A similar story can be told about farmland. Once the ring-neck pheasant thrived in Midwestern farmlands. These faux grasslands were replete with overgrown fence rows, creek banks, ditches, and fallow fields. These days, farmlands are intensively farmed, pesticides are thoroughly applied, and, almost to add insult to injury, even the roadside ditches are mowed. Wild pheasants are now rare.

Fact is, what humans want to see outdoors is frequently terrible habitat for plants and wildlife. Quality habitat is chaotic, unruly, and sometimes unsightly. It’s a mix of many things.

Human also oversimplify everything. For instance, what should we call a pine forest? There’s several patches of thinned red pine around my cabin. Once I sought them out based on a map because when I had previously seen ‘thinned forest’ in the Croatan forest of North Carolina these areas had heavy undergrowth. Not here. Instead, you have monoculture red pines growing tall with any other trees (and even competing red pines) thinned between. The forest floor and intermediary forest levels are barren.

Thinned Red Pines (with a few saplings and scrub oak)

I want to be clear about one thing: I am not criticizing the land managers of Northern Michigan public lands for their thinned red pine projects. I accept the fact that forests actively managed by humans are not going to be realistic and some will be managed to maximize timber yield. I also understand that mature red pines are a good thing to have in some quantity in our forests. I’m just concerned about how far we could take this.

I’m concerned that people have the wrong idea of what Northern Michigan should look like. It’s commonly said that ‘much’ of this area was once covered by mature red and white pine forests. What that means to me is that most of it wasn’t. In fact, much of the area around my cabin was covered with jack pine and hardwoods (and still is).

What could be misperceived is that we need to cover our land with mature pines so things can be like they used to be. There’s a reason that the timber companies in the 1800’s employed cruisers. These men scouted far into the forests locating choice stands of pines for the lumber industry. Now if the entirety of Northern Michigan was actually covered with ancient old growth pines, would the timber cruisers have been needed to locate them?

Further if we want to know what a red pine forest should look like, a more natural red pine forest is found along a trail near the community college in Keno, Michigan. Keno is a non-town located near public land and the Roscommon Red Pine Natural Area Preserve. In this natural area, you’ll see red pines. But you’ll find them randomly intermixed with a dozen other tree species.

I have another example. I ran across a beaver pond this year I like to take my family. Alders line the pond. Slightly up the bank are tamarack, firs, and red pine. Swans and amphibians feed in the muck along the edge. Jack pine are on the hills above. Woodcock frequent the aspen. But there at the intersection of the trails is a giant white pine, the state tree of Michigan. I believe by measuring the circumference it is 200 years old. If so, it was a seedling about the time the Native Americans ceded its home to the United States in the Treaty of Saginaw in 1819. The tree was less than 20 when Michigan became a state. It was 40 years old during the Civil War when so many Michiganders didn’t return. Shortly after, this area was logged and settled. Why this tree was spared I don’t know. Either this area wasn’t logged or the jog 2/3 up the trunk made the tree undesirable.

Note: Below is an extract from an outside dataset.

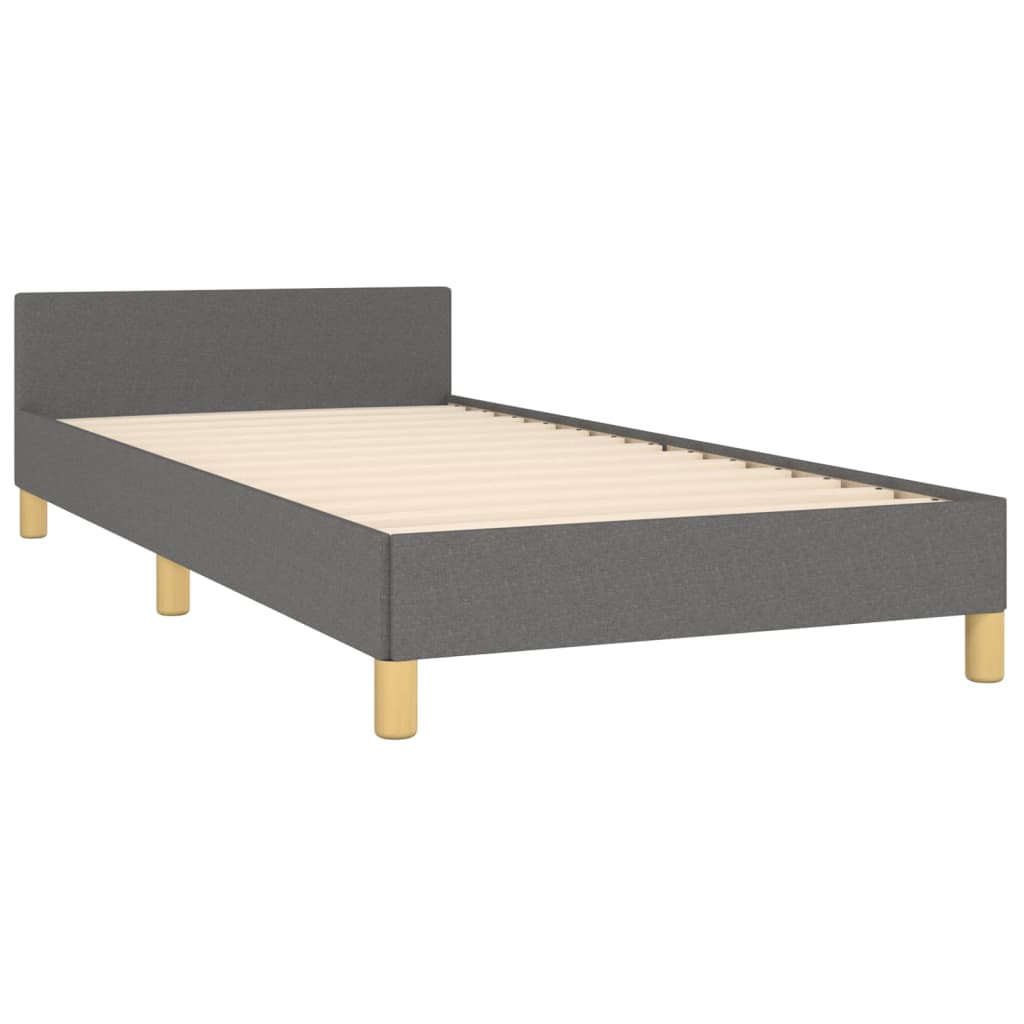 Estructura De Cama Con Cabecero De Tela Gris Oscuro 80x200 Cm / Vetonek_0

Thereafter, so many small farms in the area came and went. At some point, the mighty tree’s home ended up as public property. Perhaps before then, when the tree was around 80 years old, Henry Ford established his first automotive plant in Detroit. At 120 years old, Michigan fed the arsenal of democracy during the Second World War. Around 150, the only U.S. President from Michigan was sworn into office. The entire span of the Soviet Union was about 1/3 of this tree’s life when Northern Michigan was home to strategic bombers.

A Monarch White Pine

Now lining the banks near this grand tree are several other giant white pines, perhaps its progeny, that are probably also at least 100 years old. They watch hundreds of outdoorpeople ride by each year who mostly don’t notice these trees. These people will probably be gone before they are. By recognizing this grove of trees with no name, marking the little known intersection of a forest road and an atv trail and shading the home of countless wildlife of Northern Michigan, I open this blog.